# Kelby, Jardine, NAPP, Etc.?



## Cory (Jul 11, 2013)

I'm a budding novice, but getting pretty budding so I might like to step it up a bit with ongoing photo and Lightroom training. I've got the basics down, but would like to keep it going (having started from total cluelessness). 
Do you recommend a Kelby membership, maybe a Jardine Lightroom course, membership to NAPP, contantly viewing the Adobe tutorials, etc. and/or any other recommendations? I intially got way up to speed, too, with 3 DVD's from www.michaelthementor.com .
Thanks.


----------



## Cory (Jul 14, 2013)

If it helps anyone I ended up giving this a shot and REALLY like it:

http://mulita.com/blog/?page_id=724


----------



## rexbot (Jul 14, 2013)

If you make time to use it, the Kelby training covers a lot of stuff - including Lightroom, but way more than that. And the production quality is really good for most of their stuff. NAPP has some good tutorial stuff as well, but if you want more than the basics, I'd go with the Kelby stuff.


----------



## jeffabbyben (Jul 14, 2013)

+1 on kelby training. A lot of good info.


----------



## Mt Spokane Photography (Jul 14, 2013)

I'd take advantage of the free Creative Live Training, taught by experts on the many subjects they cover.
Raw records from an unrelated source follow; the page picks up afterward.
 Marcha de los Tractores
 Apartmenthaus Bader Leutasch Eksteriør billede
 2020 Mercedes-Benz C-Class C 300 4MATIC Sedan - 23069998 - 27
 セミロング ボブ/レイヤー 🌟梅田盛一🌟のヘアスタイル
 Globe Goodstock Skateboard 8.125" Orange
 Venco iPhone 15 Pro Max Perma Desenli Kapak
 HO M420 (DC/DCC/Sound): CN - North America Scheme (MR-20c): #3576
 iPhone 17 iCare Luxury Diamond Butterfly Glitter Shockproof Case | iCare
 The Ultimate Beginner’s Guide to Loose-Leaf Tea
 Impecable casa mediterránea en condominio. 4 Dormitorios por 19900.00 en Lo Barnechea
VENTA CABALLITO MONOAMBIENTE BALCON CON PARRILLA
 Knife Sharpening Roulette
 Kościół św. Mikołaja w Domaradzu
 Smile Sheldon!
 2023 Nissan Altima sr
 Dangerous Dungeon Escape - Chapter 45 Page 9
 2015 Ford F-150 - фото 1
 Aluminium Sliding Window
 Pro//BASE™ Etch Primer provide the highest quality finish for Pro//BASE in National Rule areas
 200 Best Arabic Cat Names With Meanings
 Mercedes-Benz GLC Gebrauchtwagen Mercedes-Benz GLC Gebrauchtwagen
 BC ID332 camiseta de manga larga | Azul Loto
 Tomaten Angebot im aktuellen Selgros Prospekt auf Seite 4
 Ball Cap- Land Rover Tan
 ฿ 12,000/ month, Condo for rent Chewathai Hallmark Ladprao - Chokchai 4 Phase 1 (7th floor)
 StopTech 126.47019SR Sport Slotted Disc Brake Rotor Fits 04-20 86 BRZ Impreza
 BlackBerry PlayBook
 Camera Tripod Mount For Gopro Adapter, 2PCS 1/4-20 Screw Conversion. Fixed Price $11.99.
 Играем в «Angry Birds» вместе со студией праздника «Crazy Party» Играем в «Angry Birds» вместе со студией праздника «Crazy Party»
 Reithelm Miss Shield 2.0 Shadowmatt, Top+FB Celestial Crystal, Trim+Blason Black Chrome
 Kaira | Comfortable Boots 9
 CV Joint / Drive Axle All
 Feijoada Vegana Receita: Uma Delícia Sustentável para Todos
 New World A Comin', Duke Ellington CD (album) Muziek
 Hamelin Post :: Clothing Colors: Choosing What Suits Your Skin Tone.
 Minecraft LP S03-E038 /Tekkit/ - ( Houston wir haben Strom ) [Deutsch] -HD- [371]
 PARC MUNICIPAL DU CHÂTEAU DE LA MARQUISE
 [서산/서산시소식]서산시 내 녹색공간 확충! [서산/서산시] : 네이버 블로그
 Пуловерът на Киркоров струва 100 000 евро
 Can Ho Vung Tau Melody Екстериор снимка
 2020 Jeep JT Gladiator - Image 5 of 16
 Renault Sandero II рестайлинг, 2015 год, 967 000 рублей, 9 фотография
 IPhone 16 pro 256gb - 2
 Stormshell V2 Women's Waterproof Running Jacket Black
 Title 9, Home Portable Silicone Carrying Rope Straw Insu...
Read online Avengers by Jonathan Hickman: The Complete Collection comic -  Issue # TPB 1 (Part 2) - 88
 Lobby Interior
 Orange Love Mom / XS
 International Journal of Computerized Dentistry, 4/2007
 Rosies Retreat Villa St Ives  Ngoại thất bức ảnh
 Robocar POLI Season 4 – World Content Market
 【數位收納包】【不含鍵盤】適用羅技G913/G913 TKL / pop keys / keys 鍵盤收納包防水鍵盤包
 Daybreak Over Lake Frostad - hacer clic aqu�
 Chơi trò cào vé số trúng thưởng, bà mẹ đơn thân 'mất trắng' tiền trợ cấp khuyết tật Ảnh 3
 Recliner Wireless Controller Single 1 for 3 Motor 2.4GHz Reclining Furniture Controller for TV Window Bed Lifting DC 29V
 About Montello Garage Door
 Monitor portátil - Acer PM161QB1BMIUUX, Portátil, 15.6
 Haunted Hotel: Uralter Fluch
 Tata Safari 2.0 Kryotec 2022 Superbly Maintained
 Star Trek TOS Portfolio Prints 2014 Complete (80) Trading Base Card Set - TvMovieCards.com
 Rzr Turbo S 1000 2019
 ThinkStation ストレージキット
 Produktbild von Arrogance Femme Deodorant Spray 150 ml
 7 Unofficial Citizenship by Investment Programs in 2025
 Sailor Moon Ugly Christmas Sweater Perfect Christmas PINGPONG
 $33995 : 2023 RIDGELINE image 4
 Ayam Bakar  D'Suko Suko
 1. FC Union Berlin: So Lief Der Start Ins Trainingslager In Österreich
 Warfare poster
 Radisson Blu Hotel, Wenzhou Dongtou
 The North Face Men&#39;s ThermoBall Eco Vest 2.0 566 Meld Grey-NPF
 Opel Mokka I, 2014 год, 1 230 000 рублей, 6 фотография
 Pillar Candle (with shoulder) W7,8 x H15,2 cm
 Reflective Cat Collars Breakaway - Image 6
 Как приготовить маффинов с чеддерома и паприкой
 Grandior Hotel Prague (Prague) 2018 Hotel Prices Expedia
Its free if you watch it live, otherwise there is a charge to download past courses.

http://www.creativelive.com/calendar


----------



## eml58 (Jul 14, 2013)

There's a lot of free info out there, over the years I've looked at a lot of it, and my current use still includes the following mix of Online Free/And Fee, plus Books by in particular two Authors.

Adobe TV : (Free)
Lynda.Com : (Some free, but a Fee Membership gives the best Choice of Info, very very well done and presented)
Martin Evening : any Book by this Chap on Light Room & Photoshop
Michael Freeman : Any Book by this chap on Photography, and there are quite a few, will push you in the right direction

I do look at the Free Lightroom info presented by Matt Kloskowski online, and I have a couple of his Books on Layers, this Guy is switched on.

Kelby I just cant stand to watch and listen to although his Books are, Ok, but not in the same League as Freeman or Evening, but my opinion only.

Hope this Helps and good luck with the Photography.


----------